Ratzeburg. Manchmal klingelt sein Telefon schon in den frühen Morgenstunden, dann zieht sich Jürgen Hensel die lila Weste über, die ihn als Seelsorger ausweist, und fährt los, den Helfern helfen. Hensel ist Notfall- und Feuerwehrseelsorger im Kreis Herzogtum Lauenburg. Die Leitstelle ruft den 56-Jährigen an, wenn ein Team einen belastenden Einsatz hatte oder wenn Angehörige ihn brauchen. Er hört zu, wenn sich Feuerwehrleute von der Seele reden müssen, dass sie einen Jugendlichen nur noch tot aus einem Unfallauto bergen konnten, wenn es Sanitätern nicht gelungen ist, das kleine Herz eines Säuglings wieder zum Schlagen zu bringen, oder wenn ein Infarkt ein Mann aus dem Leben gerissen hat. Hensel schenkt Zeit, ist da, und leistet „erste Hilfe für die Seele“.
Hensel bescheinigt sich selbst eine „Blaulichtaffinität“. Schon seinen Zivildienst hat er beim Rettungsdienst absolviert. Mit der Arbeit als Rettungssanitäter finanzierte er sich das Theologiestudium.
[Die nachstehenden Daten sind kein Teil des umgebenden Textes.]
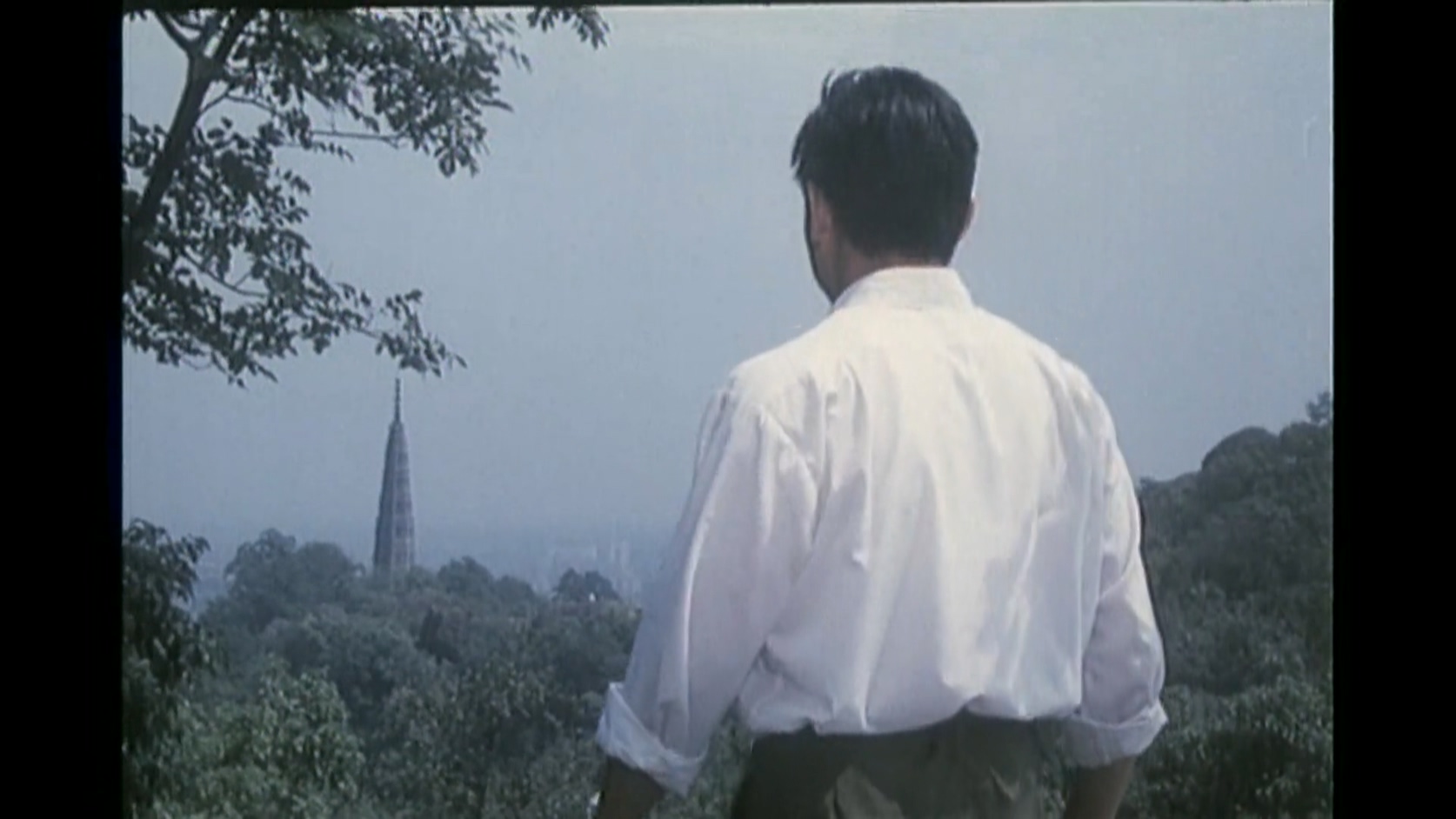 团长和他的妻子.mkv_20250519_113111.069.jpg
In Ratzeburg trat der Gemeindepastor vor sechs Jahren auch der Freiwilligen Feuerwehr bei und fährt bis heute mit in den Einsatz, wenn die Wehr gerufen wird, egal ob sie eine Ölspur beseitigen oder bei einem Verkehrsunfall helfen muss.
Auch als Feuerwehrmann im Einsatz
Frauke Eiben, Pröpstin im Kirchenkreis Lübeck-Lauenburg, wusste von seinem Engagement und sprach ihn deshalb an, als die Stelle in der Notfallseelsorge neu besetzte werden sollte. Hensel sagte zu, obwohl sein Herz auch an der Gemeindearbeit hängt. Er begann mit einer Viertelstelle, nach und nach wurde sein Einsatzbereich immer größer. Seit 1. September arbeitet er in Vollzeit als Seelsorger und ist zusammen mit acht weiteren „Nachsorgern“ für den gesamten Kreis Herzogtum Lauenburg mit seinen 120 Wehren und rund 170 Mitarbeitern im Rettungsdienst zuständig.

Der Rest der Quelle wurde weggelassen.